This is a list of torpedo boat classes of the Royal Navy of the United Kingdom, organised chronologically by entry into service. This article's coverage is restricted to the steam-powered torpedo boats built for or acquired by the British Navy between 1876 (the date on which the Admiralty ordered the first torpedo boat to carry the self-propelled Whitehead torpedo) and 1905; the final batch of 36 steam-turbine-powered torpedo boats from 1906 to 1908 were originally rated as coastal destroyers and will be found under Cricket-class destroyers, while later torpedo boats introduced during World War 1, powered by internal combustion engines, will be found under Motor Torpedo Boats.

Torpedo boats 

Ever since the first use of spar torpedoes in the American Civil War and the Russo-Turkish War (1877–78), the world's sea powers continued to refine the small torpedo craft concept to employ the new automobile torpedoes (Whitehead torpedoes) that could continue the legacy of small and relatively inexpensive vessels able to challenge much larger vessels. The Royal Navy purchased 1st and 2nd class torpedo boats for offensive and defensive combat roles, respectively.

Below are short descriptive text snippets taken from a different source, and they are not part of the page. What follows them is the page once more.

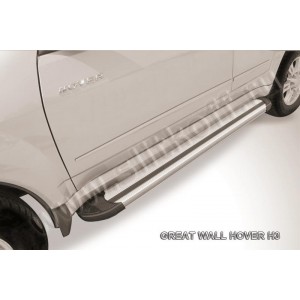 Slitkoff AL-GWH5004 пороги алюминиевые "Luxe Silver" серебристые Great Wall Hover H5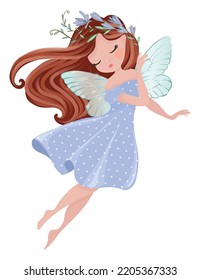 Beautiful butterfly girl illustration,children artworks, wallpapers, posters, greeting cards prints. 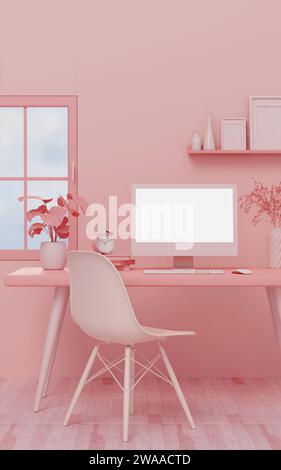 Interno rosa con PC computer modello con schermo bianco vuoto. illustrazione del rendering 3d. Foto Stock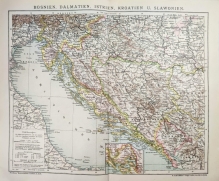 [mapa, 1901] Bosnien, Dalmatien, Istrien, Kroatien u. Slawonien. [Bośnia i Hercegowina, Dalmacja, Istria, Chorwacja, Słowenia]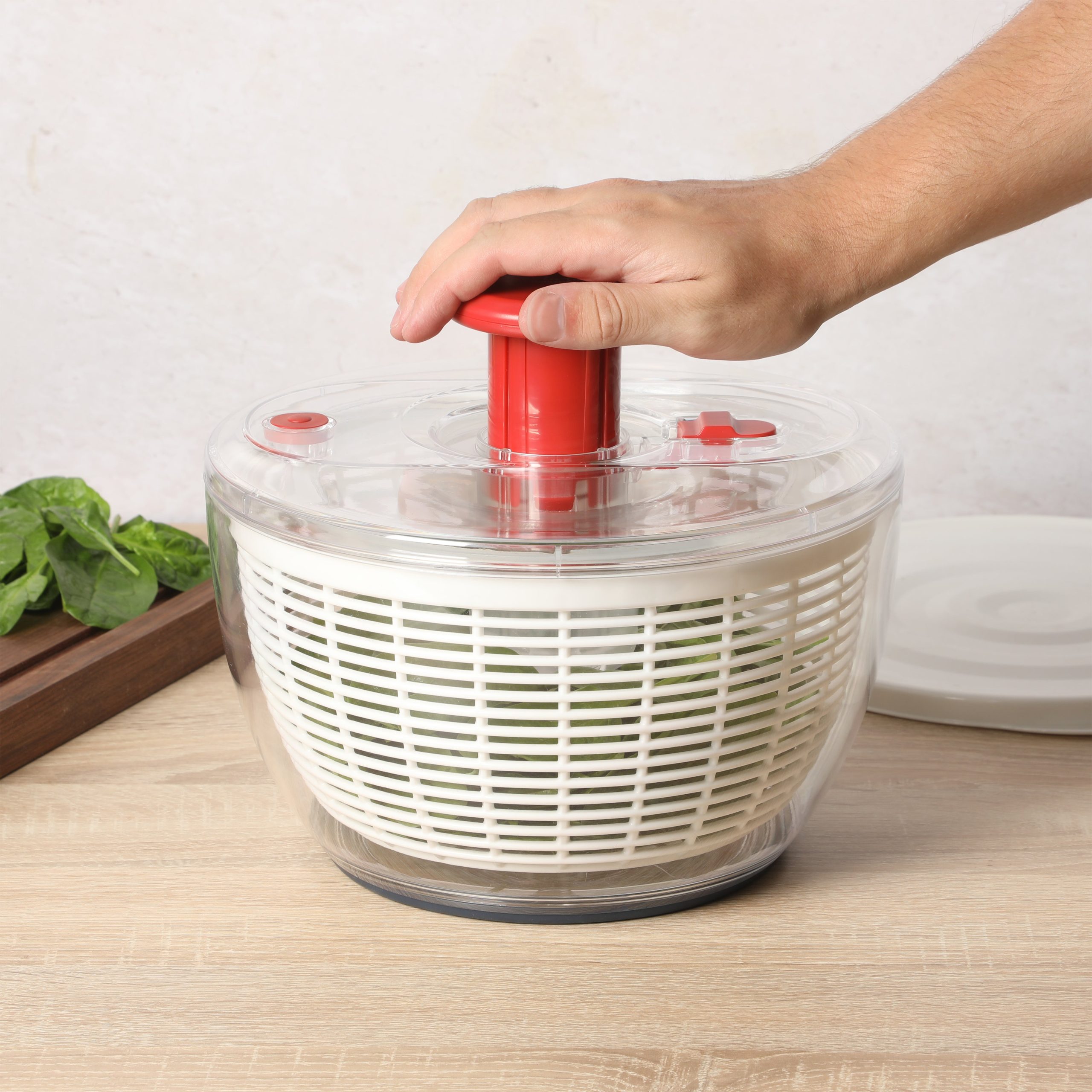 Sur La Table Kitchen Essential 6.3 Qt Salad Spinner, Fruit Washer, Fruit Washing Bowl with Strainer, Vegetable Cleaner, Salad Cleaner, Lettuce Washer - Image 8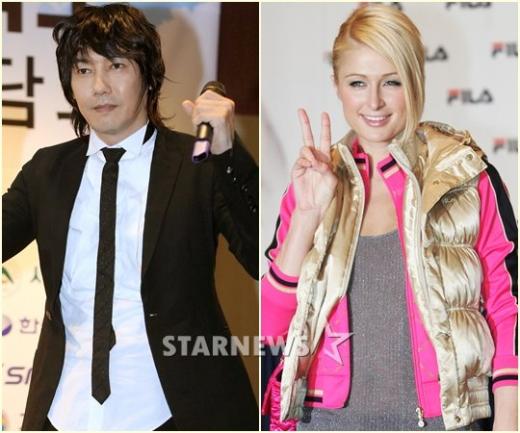 가수 김장훈(왼쪽)과 패리스 힐튼 ⓒ사진=장문선 인턴기자, 스타뉴스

Later – especially to counter the French automobile defense – the British Navy primarily ordered torpedo boat catchers (or torpedo gunboats), which proved too slow for the task of dealing with torpedo boats, and subsequently torpedo boat destroyers (TBDs) - or destroyers as they soon became called.

1st class torpedo boats
First class torpedo boats were designed for independent inshore operations.  They were small, but large enough to patrol coastal waters and enjoy some limited endurance beyond their supporting port or tender.

Lightning-design 
John I. Thornycroft & Company, Chiswick. The first torpedo boat, TB.1 (originally called Lightning), was ordered on 26 January 1876 and underwent trials on 22 May 1877; her dimensions were slightly different from her successors (TB.2 onwards) which were all ordered on 3 October 1877 and notably deleted the coach roof of the prototype.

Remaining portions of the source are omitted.